#### [Work instructions]
Please output the section of the listing below that opens with the line containing "Mother in Nature" and closes with the line containing "Boy Using Laptop", exactly and with nothing else.

[Data provided Boundary: Start]

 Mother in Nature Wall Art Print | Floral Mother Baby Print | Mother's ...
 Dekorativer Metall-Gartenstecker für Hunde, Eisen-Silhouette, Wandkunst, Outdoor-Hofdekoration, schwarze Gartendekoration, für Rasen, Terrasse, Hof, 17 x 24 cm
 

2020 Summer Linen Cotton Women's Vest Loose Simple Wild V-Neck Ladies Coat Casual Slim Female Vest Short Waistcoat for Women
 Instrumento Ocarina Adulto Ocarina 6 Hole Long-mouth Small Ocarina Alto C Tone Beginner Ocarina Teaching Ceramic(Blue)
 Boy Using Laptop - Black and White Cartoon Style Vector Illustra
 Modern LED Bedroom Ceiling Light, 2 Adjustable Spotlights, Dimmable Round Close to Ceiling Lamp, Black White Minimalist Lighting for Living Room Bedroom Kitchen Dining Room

[Data provided Boundary: End]
[Data provided Boundary: Start]

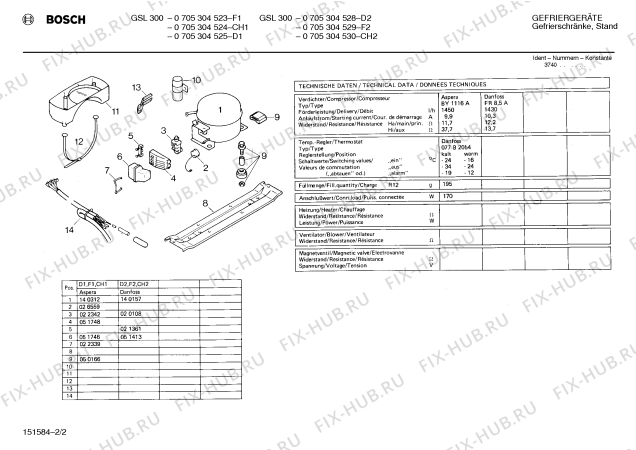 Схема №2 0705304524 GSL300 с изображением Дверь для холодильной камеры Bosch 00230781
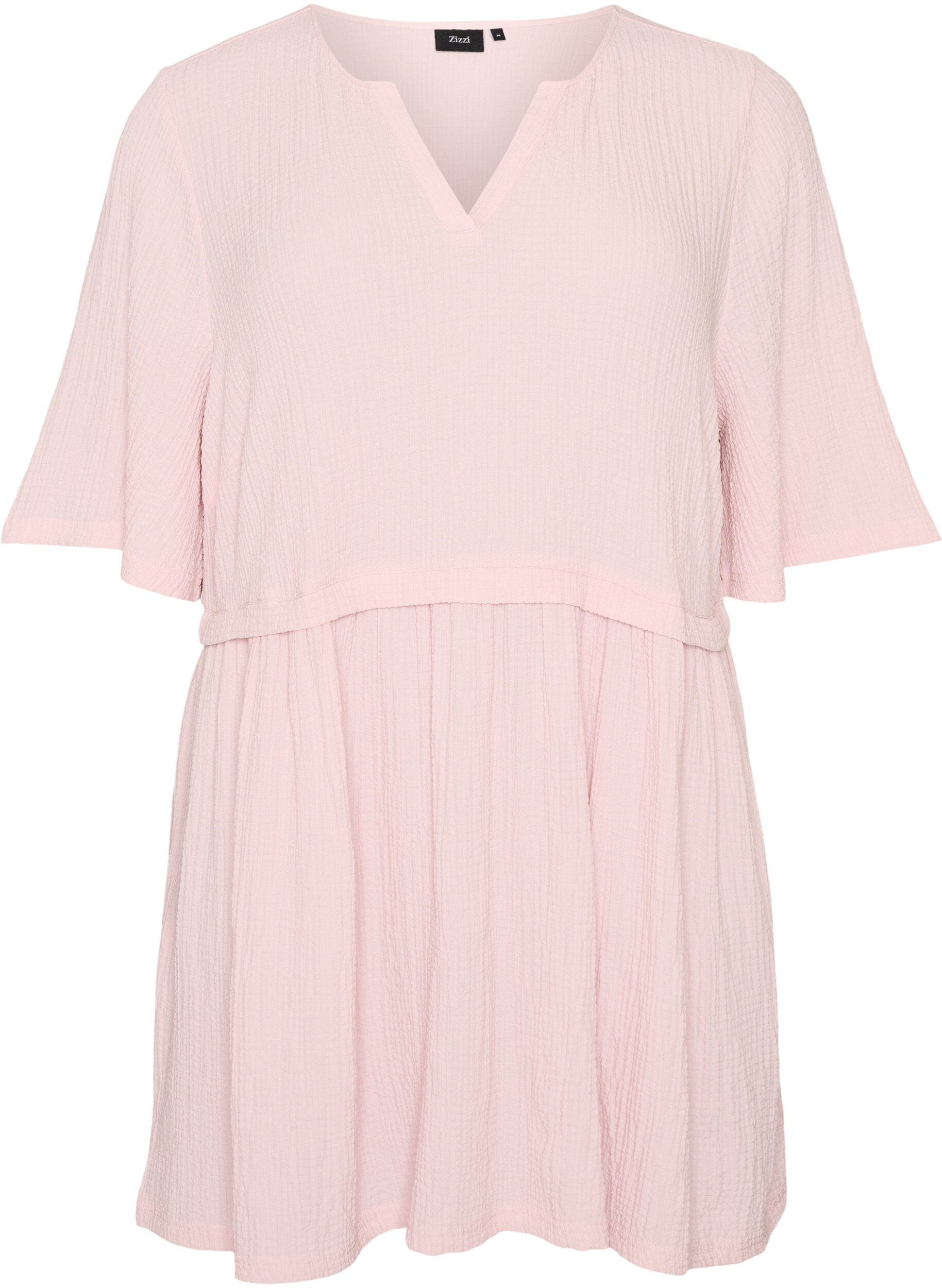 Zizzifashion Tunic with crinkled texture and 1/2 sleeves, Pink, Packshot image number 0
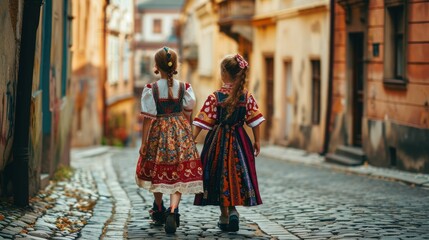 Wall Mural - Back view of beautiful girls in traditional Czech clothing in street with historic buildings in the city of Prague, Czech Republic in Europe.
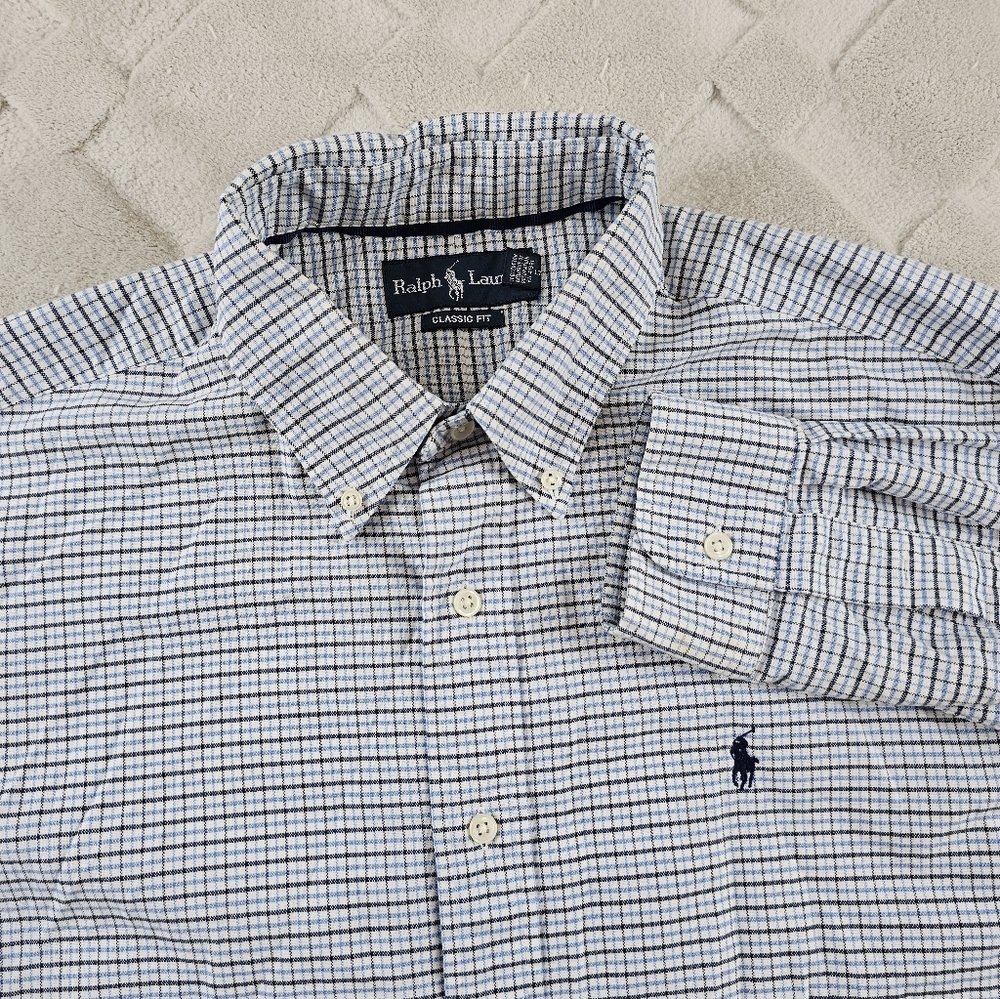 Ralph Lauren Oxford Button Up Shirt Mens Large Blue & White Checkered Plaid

[Data provided Boundary: End]
[Data provided Boundary: Start]

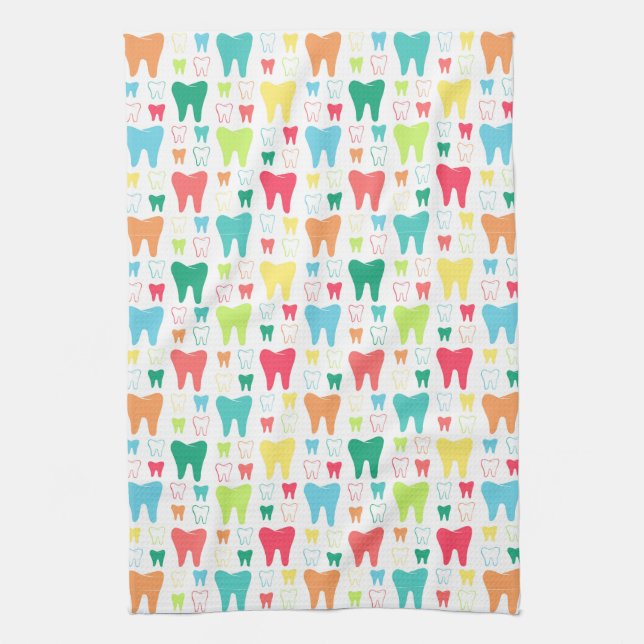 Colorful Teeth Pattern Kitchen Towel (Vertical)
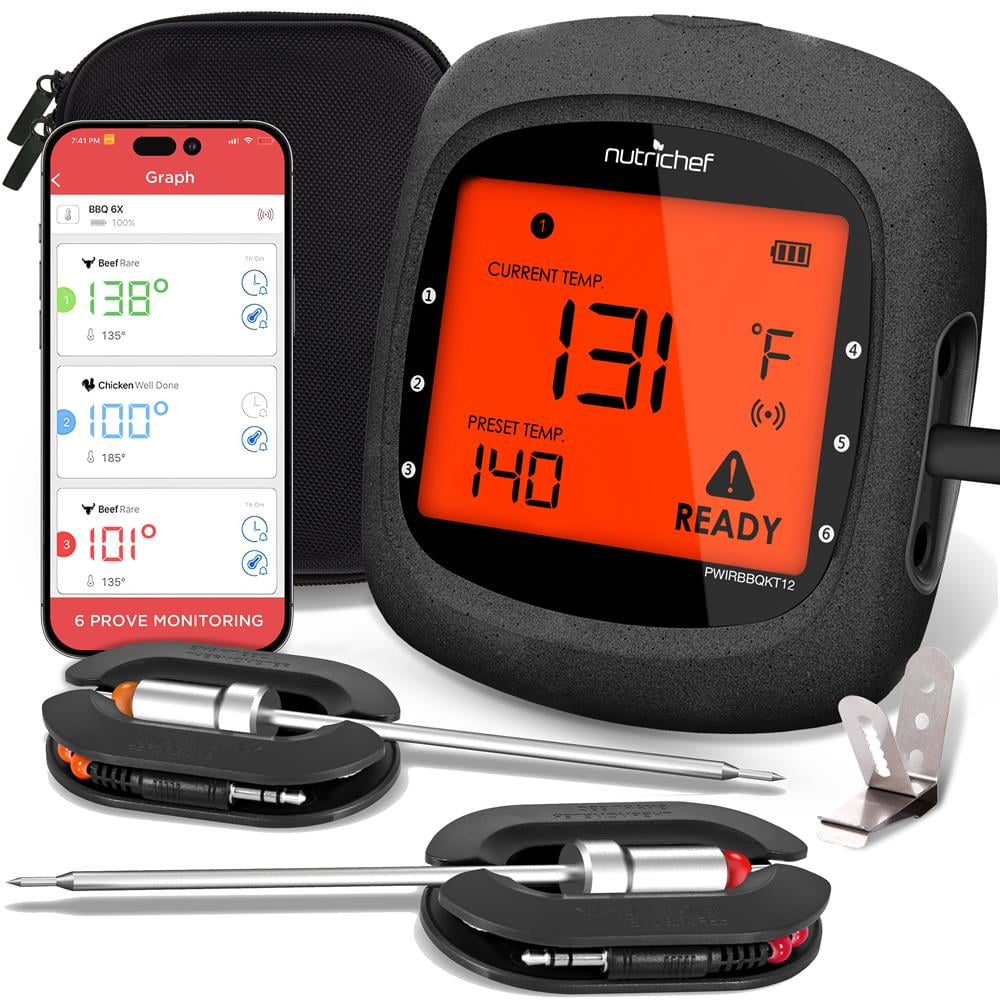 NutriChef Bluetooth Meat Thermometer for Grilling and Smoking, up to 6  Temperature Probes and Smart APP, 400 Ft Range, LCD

[Data provided Boundary: End]

#### [Written response]
 Mother in Nature Wall Art Print | Floral Mother Baby Print | Mother's ...
 Dekorativer Metall-Gartenstecker für Hunde, Eisen-Silhouette, Wandkunst, Outdoor-Hofdekoration, schwarze Gartendekoration, für Rasen, Terrasse, Hof, 17 x 24 cm
 

2020 Summer Linen Cotton Women's Vest Loose Simple Wild V-Neck Ladies Coat Casual Slim Female Vest Short Waistcoat for Women
 Instrumento Ocarina Adulto Ocarina 6 Hole Long-mouth Small Ocarina Alto C Tone Beginner Ocarina Teaching Ceramic(Blue)
 Boy Using Laptop - Black and White Cartoon Style Vector Illustra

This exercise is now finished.